Release Date: March 06, 1991
Starring: Alan Rickman and Madeleine
Genre: Propagandist Political Drama
Runtime: Approximately 100 minutes
Distributor: Universal Pictures
Director: Radha Bharadwaj
Writer: Radha Bharadwaj
Address Comments To:Tom Pollock
100 Universal City
Universal City, CA 91608
As this propagandist film opens, total darkness prevails and muffled, indistinct voices can be heard. The prisoner, an unidentified young woman who writes children's stories, has been roused from her bed and is being questioned about her latest book, CLOSET LAND. Adamant concerning her innocence, she insists that the friendly red rooster in CLOSET LAND has no political significance.
However, the interrogator, a suave, nameless older man, is not easily put off. At first, he displays some restraint and uses only burning cigarettes and shocking ice water to change the prisoner's mind.
Before long, however, the interrogator starts to get rough with the prisoner, stretching her out on a slab where he administers electric shocks when she answers incorrectly. He then tries to break her down psychologically by asking her endless, humiliating personal questions about her love life and her troubled relationship with her mother.
At one point, the interrogator renders the woman unconscious, removes her outer clothing, leaving only black underclothes, and smears makeup on her face so she appears clown-like. Then, he demeans her, making her walk around the room and pose in front of a misleading screen where he snaps her picture.

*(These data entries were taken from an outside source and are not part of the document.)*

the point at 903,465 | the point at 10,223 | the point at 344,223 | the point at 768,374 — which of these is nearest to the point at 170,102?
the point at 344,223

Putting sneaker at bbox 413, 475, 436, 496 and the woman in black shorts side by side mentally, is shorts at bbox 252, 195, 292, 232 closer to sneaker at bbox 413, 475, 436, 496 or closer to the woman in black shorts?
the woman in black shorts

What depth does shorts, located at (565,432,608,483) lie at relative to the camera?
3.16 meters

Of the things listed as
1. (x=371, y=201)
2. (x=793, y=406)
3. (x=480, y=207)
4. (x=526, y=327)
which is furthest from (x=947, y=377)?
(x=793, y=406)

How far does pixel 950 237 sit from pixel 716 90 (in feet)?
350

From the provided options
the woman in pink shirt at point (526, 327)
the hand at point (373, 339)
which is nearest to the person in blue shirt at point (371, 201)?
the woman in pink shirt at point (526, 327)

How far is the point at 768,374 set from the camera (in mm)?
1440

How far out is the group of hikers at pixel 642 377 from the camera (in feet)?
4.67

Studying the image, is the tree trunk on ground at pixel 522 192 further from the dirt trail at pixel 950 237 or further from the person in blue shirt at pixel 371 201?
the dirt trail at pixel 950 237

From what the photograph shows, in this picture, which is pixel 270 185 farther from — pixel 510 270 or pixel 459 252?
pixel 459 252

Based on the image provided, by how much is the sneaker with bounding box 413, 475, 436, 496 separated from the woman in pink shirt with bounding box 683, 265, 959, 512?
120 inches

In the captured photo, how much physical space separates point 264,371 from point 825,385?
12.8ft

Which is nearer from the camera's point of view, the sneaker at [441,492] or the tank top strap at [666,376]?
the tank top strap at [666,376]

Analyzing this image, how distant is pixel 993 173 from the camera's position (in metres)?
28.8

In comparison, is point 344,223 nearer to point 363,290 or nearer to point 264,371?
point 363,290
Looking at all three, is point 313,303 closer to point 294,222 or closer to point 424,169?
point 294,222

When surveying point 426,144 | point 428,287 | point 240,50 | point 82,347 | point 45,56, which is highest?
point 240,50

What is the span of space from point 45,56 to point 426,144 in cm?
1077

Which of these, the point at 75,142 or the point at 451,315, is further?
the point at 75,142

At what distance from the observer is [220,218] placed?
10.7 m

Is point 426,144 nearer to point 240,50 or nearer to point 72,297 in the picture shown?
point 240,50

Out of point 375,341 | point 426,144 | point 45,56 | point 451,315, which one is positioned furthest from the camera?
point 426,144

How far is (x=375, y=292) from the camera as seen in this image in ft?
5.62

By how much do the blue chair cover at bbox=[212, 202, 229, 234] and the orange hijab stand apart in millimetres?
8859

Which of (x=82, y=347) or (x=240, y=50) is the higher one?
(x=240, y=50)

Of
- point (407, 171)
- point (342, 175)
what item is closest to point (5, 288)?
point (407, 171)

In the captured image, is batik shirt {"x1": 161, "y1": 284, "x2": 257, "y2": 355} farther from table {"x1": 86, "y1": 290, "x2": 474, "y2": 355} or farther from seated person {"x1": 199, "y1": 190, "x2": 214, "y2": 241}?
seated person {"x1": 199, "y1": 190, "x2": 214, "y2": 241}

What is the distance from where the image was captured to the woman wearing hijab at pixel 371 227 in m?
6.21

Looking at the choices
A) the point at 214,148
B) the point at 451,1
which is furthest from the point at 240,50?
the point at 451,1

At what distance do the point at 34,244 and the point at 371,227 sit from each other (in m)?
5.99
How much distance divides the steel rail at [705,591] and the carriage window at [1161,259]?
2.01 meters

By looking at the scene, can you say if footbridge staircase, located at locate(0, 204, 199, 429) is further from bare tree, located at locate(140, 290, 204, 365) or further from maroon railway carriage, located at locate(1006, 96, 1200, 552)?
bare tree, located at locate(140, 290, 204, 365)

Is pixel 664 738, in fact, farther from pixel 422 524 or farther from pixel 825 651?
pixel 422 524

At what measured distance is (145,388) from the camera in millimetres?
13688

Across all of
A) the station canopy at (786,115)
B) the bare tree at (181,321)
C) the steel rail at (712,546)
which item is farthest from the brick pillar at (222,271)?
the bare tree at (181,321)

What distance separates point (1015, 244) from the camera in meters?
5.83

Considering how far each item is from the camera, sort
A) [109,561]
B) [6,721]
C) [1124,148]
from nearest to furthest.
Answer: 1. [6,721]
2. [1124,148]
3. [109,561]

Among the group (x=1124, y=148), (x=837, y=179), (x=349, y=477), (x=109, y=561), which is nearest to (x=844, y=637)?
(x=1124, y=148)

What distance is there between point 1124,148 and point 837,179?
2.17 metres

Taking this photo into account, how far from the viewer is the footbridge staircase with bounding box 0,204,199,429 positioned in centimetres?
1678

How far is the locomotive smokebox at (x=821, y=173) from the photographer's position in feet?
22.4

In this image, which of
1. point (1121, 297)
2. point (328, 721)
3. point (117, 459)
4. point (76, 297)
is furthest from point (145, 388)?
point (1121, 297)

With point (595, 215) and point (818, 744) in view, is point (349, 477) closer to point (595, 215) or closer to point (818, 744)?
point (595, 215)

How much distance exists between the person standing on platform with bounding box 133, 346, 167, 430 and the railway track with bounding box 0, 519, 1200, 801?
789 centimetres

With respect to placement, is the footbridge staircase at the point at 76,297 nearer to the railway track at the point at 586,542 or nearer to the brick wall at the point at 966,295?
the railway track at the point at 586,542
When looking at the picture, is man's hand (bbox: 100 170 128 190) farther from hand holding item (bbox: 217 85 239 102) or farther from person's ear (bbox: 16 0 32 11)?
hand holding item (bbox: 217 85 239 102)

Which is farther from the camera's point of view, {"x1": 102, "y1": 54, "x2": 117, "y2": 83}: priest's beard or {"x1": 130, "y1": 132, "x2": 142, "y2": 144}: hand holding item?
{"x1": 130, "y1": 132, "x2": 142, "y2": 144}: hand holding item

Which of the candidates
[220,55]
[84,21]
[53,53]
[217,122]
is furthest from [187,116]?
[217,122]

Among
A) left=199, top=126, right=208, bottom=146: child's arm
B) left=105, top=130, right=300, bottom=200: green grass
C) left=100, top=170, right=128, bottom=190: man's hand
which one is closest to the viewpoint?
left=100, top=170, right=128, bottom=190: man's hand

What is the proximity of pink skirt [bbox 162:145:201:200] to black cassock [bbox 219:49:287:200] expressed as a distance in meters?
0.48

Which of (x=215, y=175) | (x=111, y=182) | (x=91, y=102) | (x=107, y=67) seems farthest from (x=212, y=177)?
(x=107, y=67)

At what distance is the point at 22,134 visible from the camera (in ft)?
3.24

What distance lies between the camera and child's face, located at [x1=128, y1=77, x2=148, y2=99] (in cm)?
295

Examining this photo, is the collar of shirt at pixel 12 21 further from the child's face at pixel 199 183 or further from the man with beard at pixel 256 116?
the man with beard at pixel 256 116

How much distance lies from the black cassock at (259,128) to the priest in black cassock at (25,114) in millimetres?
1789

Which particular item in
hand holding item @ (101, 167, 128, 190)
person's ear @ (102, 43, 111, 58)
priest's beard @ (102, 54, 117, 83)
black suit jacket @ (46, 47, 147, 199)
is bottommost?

Film's end offers no resolution to this senseless interrogation as the prisoner steadfastly refuses to sign and rips the confession to shreds. The entire action takes place in a cold, stark-white, sparsely furnished room complete with a set of drawers containing various implements of torture.
The message appearing on the screen at film's close urges amnesty for political prisoners in foreign lands, and for the first time, the viewer understands more about this low-budget, go-nowhere movie.
Considering the exorbitant amount of money invested in such a worthless film, one is reminded of the Almighty's question in Isaiah 55: "Why do you spend money for what is not bread, And your wages for what does not satisfy? Listen carefully to Me, and eat what is good, And let your soul delight itself in abundance." In short, CLOSET LAND should have stayed in the closet.